Ya, have been thinking about replacing the ladder with a reactor, but for now it's seems to be working better than I expected. I don't know if it's because I run my co2 24/7 or my organic potting soil base is producing co2 but 2bps will keep my dc lime green/yellow. I am using 4dkh water in the dc I made with distilled and baking soda, using a new kh test kit (even tested with 4x the water for better accuracy) Plants pearl lots considering I don't have alot of light over this tank.

I read somewhere that the efficiency of the ladder is above 90% if you figure a 6mm dia bubble ends up a 1mm dia bubble at the top of the ladder. They are not the best looking that is for sure and they will not handle high bubble rates but the simplicity I like. At $20 for a 20lb co2 refill using 4-5 bps total for two tanks gas is probably the least expensive part of this hobby. 
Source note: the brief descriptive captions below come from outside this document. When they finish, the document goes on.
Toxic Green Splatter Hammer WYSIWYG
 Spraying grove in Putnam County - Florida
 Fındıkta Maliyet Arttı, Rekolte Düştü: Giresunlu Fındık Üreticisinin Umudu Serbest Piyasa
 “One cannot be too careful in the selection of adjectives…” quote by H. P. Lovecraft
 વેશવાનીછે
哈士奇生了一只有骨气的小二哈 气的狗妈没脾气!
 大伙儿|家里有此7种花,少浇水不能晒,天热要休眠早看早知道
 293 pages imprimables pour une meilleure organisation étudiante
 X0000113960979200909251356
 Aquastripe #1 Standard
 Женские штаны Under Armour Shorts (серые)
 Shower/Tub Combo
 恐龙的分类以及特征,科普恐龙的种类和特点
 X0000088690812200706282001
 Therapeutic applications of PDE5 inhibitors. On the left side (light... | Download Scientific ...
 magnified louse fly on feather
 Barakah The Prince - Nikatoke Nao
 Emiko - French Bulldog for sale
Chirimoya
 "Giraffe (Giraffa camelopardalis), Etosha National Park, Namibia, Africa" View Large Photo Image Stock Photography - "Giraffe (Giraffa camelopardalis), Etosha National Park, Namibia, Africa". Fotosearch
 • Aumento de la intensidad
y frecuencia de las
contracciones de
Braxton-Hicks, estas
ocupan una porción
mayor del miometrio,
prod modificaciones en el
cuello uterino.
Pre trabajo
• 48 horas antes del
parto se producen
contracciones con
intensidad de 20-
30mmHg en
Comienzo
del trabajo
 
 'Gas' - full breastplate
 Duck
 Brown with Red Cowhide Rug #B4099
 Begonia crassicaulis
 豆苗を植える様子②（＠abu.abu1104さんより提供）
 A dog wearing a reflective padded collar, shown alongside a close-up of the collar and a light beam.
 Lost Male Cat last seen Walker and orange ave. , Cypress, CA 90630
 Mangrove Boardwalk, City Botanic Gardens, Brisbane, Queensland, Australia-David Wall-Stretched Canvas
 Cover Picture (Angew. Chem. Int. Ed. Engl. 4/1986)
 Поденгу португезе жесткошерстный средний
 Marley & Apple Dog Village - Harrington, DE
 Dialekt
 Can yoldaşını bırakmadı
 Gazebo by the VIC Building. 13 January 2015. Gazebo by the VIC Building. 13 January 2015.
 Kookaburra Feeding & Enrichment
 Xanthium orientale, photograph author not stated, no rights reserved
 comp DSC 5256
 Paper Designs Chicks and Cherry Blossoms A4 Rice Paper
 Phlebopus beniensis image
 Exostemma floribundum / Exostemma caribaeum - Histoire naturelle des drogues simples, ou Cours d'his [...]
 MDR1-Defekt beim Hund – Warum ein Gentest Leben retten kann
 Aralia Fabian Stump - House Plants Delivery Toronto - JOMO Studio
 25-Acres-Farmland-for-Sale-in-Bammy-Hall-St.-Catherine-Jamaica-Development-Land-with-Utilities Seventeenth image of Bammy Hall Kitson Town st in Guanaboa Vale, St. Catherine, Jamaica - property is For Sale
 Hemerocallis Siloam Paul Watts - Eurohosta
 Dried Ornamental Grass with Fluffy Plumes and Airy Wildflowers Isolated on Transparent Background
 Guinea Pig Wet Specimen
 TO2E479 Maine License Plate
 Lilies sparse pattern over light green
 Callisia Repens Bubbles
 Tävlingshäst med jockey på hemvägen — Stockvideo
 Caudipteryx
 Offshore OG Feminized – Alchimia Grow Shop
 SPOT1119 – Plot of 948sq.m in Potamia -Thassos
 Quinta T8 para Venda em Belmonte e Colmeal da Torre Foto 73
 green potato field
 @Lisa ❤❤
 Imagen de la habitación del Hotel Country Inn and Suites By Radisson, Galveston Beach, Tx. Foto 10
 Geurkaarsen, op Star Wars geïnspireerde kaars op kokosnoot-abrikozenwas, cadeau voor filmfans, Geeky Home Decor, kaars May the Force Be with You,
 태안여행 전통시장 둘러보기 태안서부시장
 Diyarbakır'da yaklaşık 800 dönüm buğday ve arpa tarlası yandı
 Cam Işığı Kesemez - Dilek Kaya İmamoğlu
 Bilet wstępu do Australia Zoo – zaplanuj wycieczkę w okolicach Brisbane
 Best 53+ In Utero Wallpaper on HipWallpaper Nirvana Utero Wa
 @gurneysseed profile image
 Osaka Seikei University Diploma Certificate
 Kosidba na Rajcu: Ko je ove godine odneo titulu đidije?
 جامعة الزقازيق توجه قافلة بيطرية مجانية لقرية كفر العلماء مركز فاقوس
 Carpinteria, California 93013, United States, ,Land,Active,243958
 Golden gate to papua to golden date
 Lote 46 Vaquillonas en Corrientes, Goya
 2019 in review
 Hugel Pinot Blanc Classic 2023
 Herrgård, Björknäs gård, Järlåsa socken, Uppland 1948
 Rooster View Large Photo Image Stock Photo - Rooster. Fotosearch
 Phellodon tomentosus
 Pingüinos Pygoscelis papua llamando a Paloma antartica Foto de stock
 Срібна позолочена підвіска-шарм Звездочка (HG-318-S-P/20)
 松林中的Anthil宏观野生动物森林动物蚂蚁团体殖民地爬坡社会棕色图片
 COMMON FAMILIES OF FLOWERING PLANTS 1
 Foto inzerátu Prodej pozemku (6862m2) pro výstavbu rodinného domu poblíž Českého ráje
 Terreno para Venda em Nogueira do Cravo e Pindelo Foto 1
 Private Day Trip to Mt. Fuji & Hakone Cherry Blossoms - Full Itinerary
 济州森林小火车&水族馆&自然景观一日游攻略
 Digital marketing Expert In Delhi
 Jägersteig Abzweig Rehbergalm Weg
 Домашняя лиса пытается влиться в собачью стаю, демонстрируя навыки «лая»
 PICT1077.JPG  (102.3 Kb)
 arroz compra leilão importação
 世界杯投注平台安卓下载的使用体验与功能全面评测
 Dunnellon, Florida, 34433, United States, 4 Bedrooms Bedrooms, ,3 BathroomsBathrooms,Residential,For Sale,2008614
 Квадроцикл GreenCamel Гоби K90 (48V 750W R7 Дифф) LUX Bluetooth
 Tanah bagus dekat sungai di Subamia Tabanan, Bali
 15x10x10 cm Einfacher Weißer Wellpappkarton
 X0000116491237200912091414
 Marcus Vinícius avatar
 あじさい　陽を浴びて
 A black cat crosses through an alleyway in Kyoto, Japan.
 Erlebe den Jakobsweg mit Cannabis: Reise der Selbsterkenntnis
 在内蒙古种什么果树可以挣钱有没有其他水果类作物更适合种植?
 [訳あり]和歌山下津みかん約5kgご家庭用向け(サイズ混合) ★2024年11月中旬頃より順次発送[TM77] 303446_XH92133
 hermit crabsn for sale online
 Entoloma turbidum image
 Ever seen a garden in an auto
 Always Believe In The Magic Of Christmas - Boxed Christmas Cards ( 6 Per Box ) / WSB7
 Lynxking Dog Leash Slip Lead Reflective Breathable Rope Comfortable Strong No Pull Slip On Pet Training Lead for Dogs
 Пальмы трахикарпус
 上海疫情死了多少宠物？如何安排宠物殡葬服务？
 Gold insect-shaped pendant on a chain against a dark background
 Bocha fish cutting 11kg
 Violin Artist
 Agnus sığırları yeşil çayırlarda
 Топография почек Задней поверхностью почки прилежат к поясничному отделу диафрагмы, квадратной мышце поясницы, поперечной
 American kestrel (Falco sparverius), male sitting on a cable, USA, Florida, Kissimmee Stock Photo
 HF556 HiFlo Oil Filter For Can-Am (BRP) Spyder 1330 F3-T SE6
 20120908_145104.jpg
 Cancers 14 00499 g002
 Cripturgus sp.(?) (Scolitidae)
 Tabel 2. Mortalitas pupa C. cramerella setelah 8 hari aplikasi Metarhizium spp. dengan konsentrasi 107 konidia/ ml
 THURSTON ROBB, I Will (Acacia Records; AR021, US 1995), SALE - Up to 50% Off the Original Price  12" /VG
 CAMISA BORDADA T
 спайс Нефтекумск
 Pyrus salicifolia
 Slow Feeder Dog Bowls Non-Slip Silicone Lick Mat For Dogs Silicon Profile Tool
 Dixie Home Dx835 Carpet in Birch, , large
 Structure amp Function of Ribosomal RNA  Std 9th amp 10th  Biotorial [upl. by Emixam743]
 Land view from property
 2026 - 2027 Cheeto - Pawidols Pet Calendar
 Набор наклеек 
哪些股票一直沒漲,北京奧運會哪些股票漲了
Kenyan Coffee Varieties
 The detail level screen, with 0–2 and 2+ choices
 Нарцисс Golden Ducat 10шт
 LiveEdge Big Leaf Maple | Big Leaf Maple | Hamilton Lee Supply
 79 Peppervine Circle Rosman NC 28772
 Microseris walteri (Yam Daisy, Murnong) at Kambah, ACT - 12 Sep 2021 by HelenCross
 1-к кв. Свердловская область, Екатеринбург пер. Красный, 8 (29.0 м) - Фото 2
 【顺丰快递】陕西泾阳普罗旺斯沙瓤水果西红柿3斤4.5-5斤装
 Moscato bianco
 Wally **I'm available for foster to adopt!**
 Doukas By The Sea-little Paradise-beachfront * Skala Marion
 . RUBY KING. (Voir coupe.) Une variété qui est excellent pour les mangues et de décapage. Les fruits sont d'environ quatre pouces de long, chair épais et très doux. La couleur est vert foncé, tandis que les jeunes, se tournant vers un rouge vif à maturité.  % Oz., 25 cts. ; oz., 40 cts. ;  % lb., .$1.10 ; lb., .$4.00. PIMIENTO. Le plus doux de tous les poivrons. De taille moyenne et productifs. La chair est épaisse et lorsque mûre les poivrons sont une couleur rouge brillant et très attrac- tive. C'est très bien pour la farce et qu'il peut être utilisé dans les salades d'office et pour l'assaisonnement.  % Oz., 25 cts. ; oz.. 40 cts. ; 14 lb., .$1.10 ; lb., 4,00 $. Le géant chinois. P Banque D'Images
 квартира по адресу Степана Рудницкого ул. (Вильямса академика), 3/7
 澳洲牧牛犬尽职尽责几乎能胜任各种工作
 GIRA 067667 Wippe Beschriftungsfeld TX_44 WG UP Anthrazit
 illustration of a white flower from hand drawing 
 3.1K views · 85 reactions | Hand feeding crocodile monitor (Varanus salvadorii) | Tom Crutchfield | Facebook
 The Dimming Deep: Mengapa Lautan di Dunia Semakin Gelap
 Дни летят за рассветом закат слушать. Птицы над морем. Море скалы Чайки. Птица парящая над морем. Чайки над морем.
I can't stand micro bubbles in the tank so all ceramic diffusers are out...

btw Jimmy thanks for the plants I got from you back in the spring...have about 4sqft of dwarf sag carpet now from those 5-6 plants.


----------



## jimmyjam (Nov 6, 2007)

no prob dude. 

you wont get the cloud of mist with the glass diffusers. I have only seen the cloudy issue in my inline ceramic one. I hate that, even more than the ladder =P But yes, they have shown to be efficient per bubble.


----------